• _EXERCISE DETAILS_
Omit the pictures and print exactly the lines of the listing below, starting at the first and ending at the line containing "Toyota Vitz 1.3 AWD 5dr 2017 Silver".

··· PROVIDED MATERIAL ···

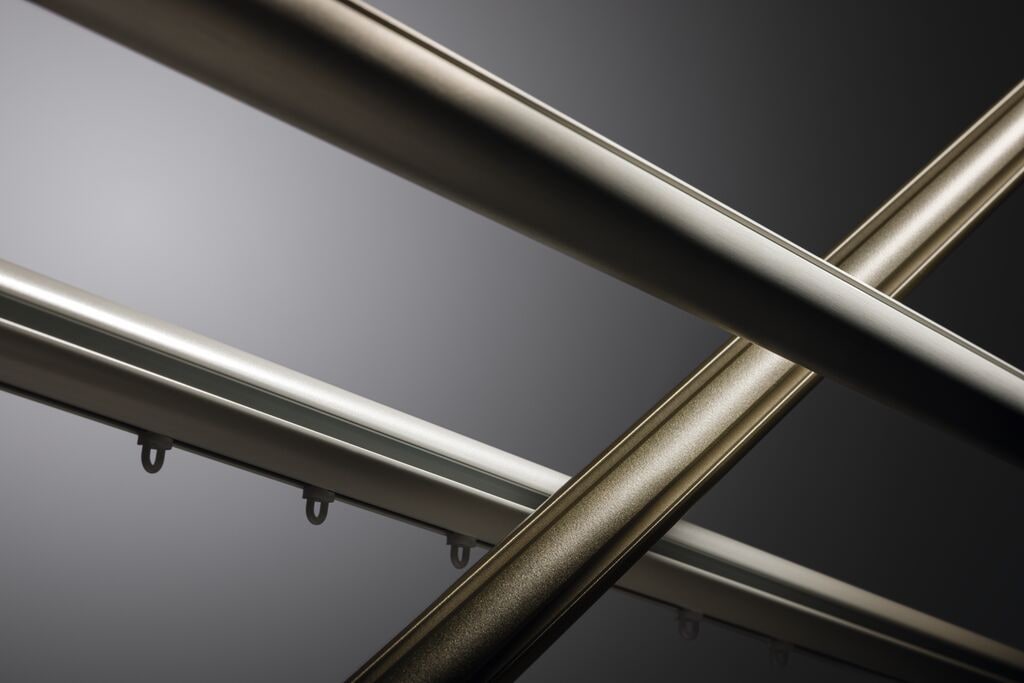 JAB SLIDE LOOP gordijnrails overzicht Productdetail van JAB SLIDE LOOP gordijnrails overzicht.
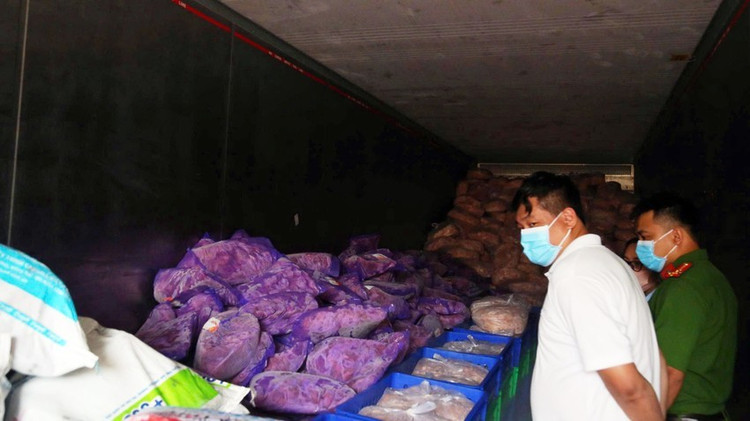 Hơn 11 tấn thịt động vật không rõ nguồn gốc, hết hạn sử dụng chuẩn bị được tuồn vào nhà hàng, quán ăn. Ảnh CA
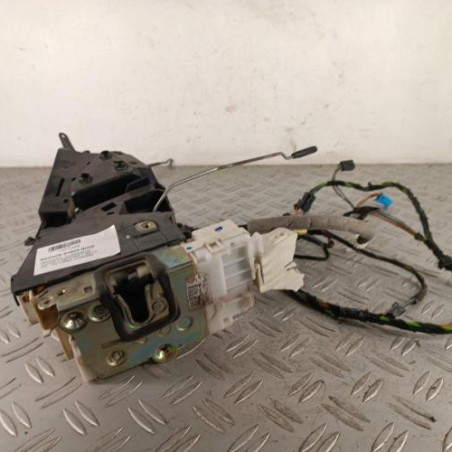Serrure avant droit MERCEDES CLASSE A 169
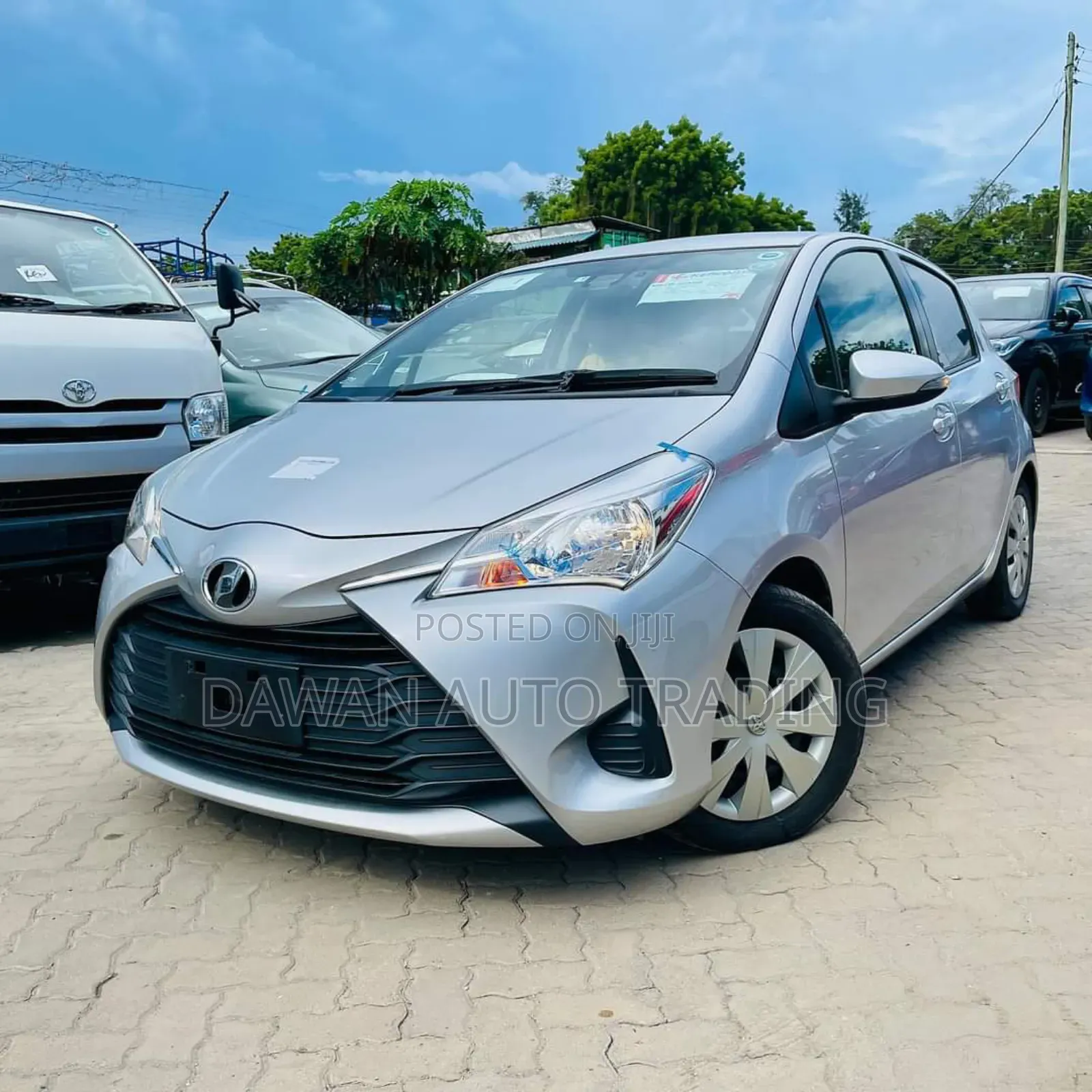 Toyota Vitz 1.3 AWD 5dr 2017 Silver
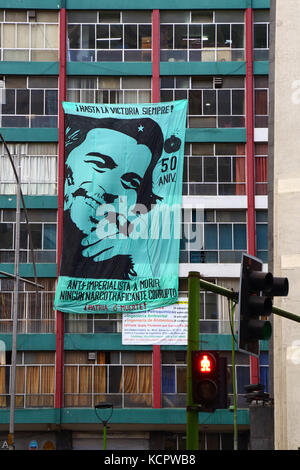 La Paz in Bolivia. 6 Ottobre, 2017. Un banner per commemorare il cinquantesimo anniversario di Che Guevara della morte si blocca su UMSA Università Facoltà di Ingegneria edificio in La Paz centro citta'. Che è stato ucciso da truppe boliviano in La Higuera il 9 ottobre 1967; il governo e i Movimenti Sociali organizzerà diversi eventi in quella data alla posizione. Credito: James Brunker/Alamy Live News Foto Stock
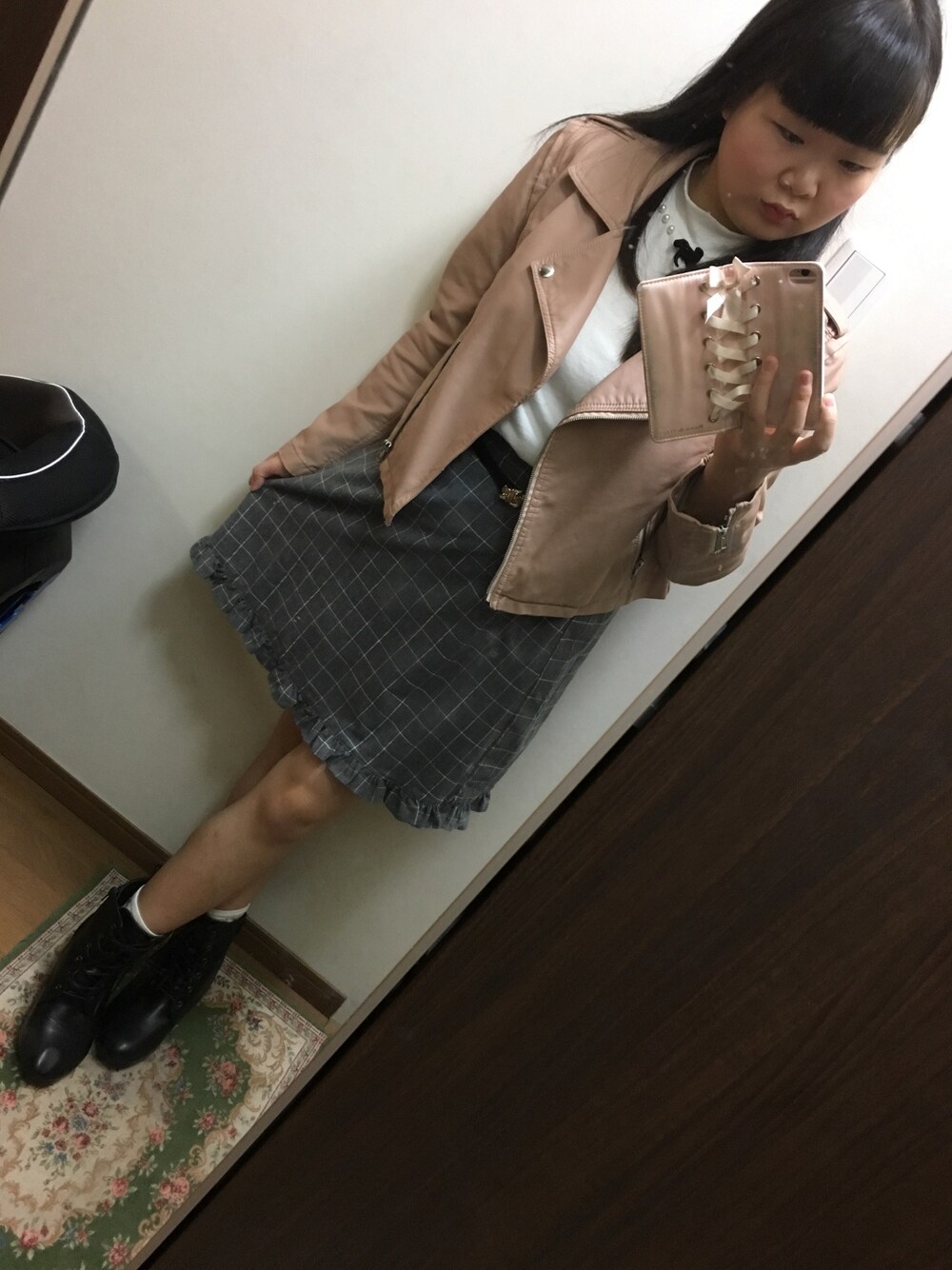 「MAJESTIC LEGON、Ank Rouge、ankrouge、大学生、OLIVE des OLIVE、ライダースジャケット」｜「Ank Rougeのアイテム（スカート、グレー系）」を使った、funamonさん（レディース・151cm）の秋コーディネートの1枚目の写真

···

• _RESPONSE FOR THIS EXERCISE_
 JAB SLIDE LOOP gordijnrails overzicht Productdetail van JAB SLIDE LOOP gordijnrails overzicht.
 Hơn 11 tấn thịt động vật không rõ nguồn gốc, hết hạn sử dụng chuẩn bị được tuồn vào nhà hàng, quán ăn. Ảnh CA
Serrure avant droit MERCEDES CLASSE A 169
 Toyota Vitz 1.3 AWD 5dr 2017 Silver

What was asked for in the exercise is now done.